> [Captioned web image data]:
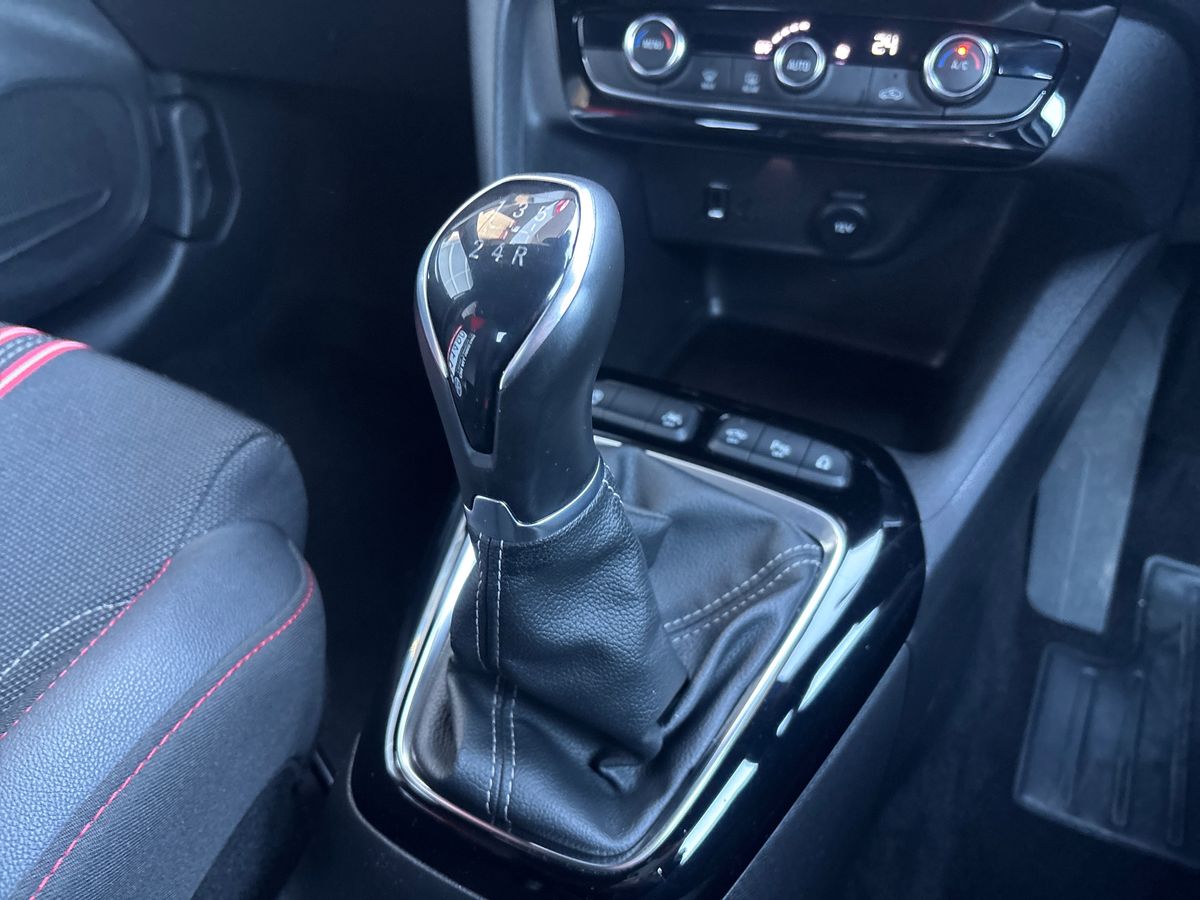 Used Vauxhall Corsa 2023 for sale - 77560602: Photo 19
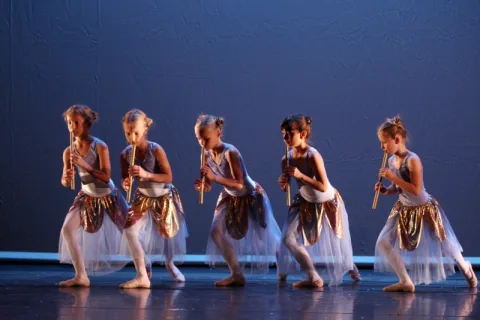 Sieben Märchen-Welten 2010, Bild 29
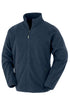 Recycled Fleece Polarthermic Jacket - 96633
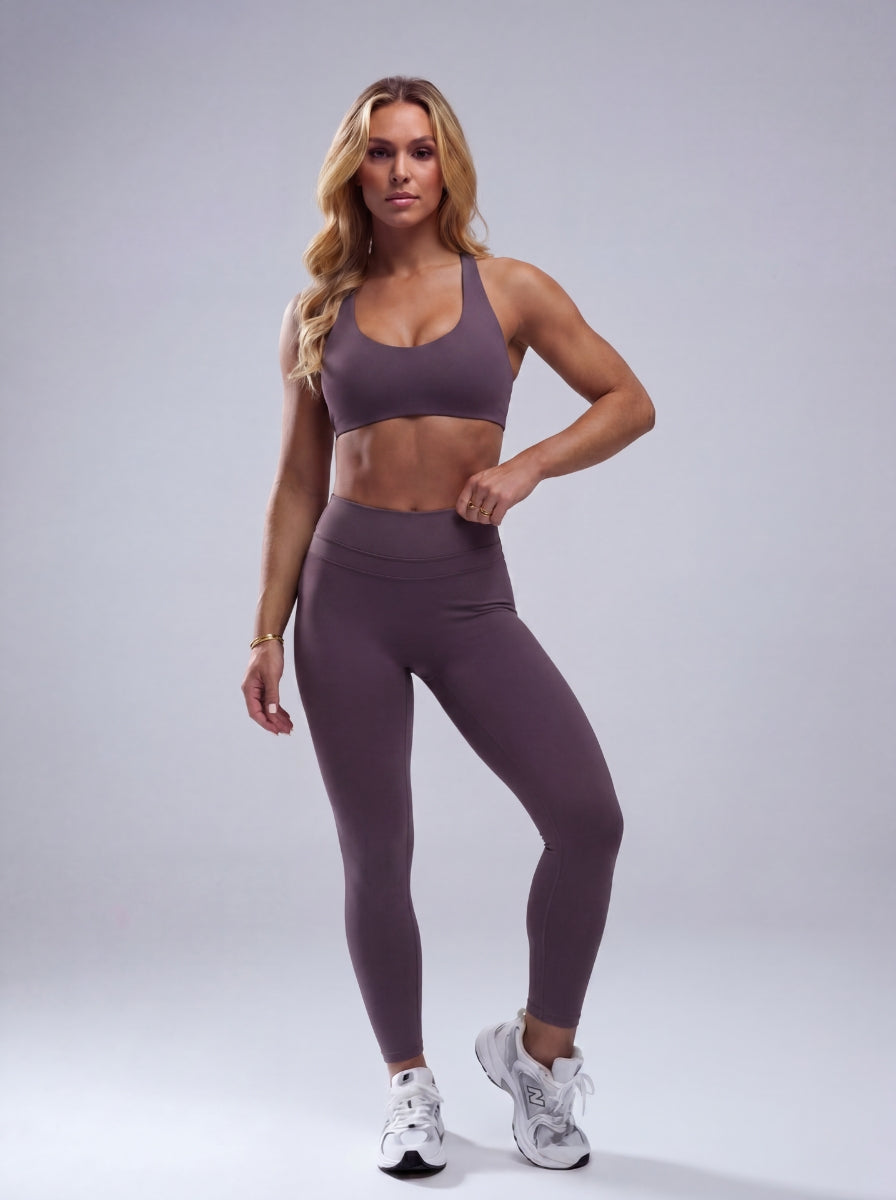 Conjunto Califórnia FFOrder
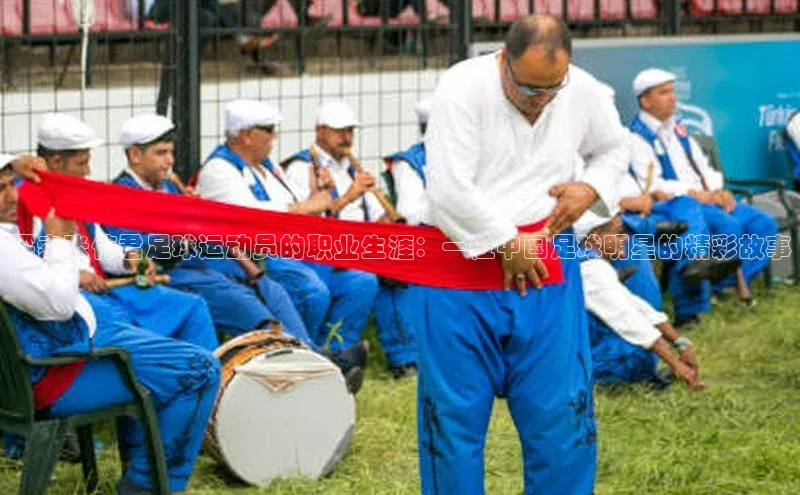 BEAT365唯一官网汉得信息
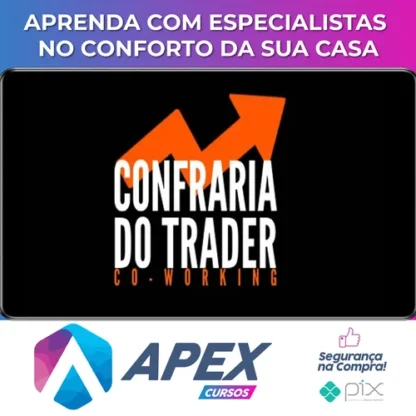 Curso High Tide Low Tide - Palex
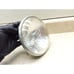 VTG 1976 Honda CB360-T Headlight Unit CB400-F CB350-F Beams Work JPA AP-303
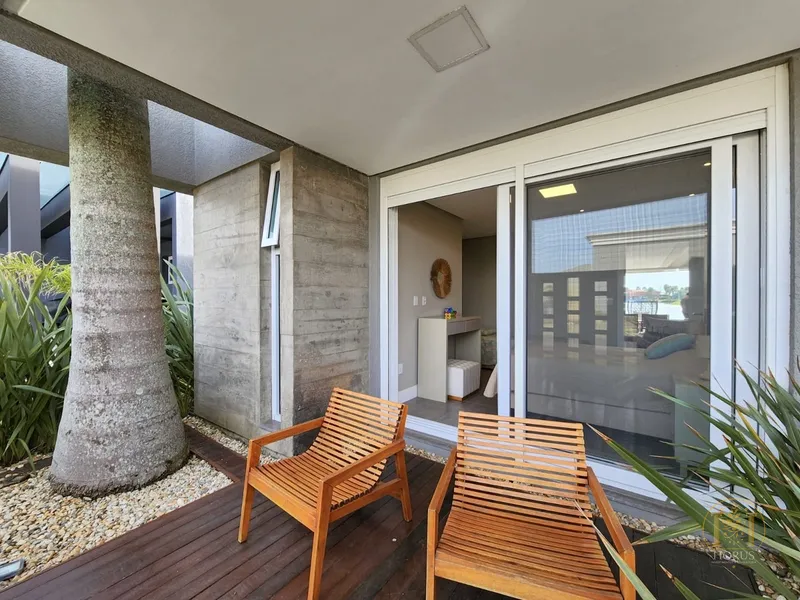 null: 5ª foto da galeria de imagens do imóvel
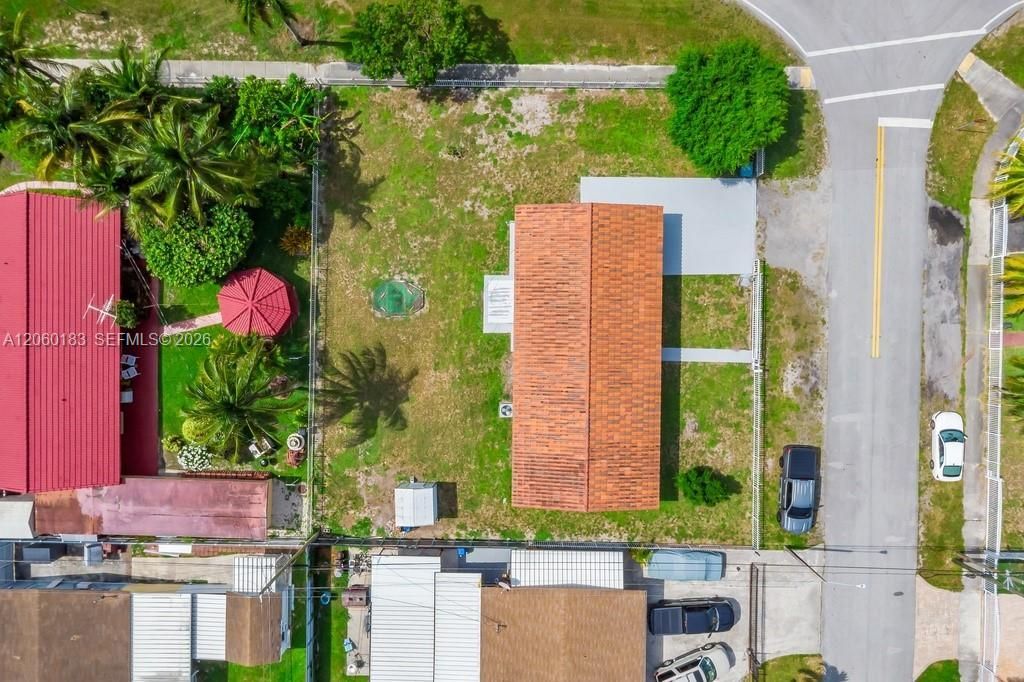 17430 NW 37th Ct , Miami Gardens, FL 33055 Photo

> [Problem requirements]:
Retype the data above verbatim, minus images.

> [Reply]:
 Used Vauxhall Corsa 2023 for sale - 77560602: Photo 19
 Sieben Märchen-Welten 2010, Bild 29
 Recycled Fleece Polarthermic Jacket - 96633
 Conjunto Califórnia FFOrder
 BEAT365唯一官网汉得信息
 Curso High Tide Low Tide - Palex
 VTG 1976 Honda CB360-T Headlight Unit CB400-F CB350-F Beams Work JPA AP-303
 null: 5ª foto da galeria de imagens do imóvel
 17430 NW 37th Ct , Miami Gardens, FL 33055 Photo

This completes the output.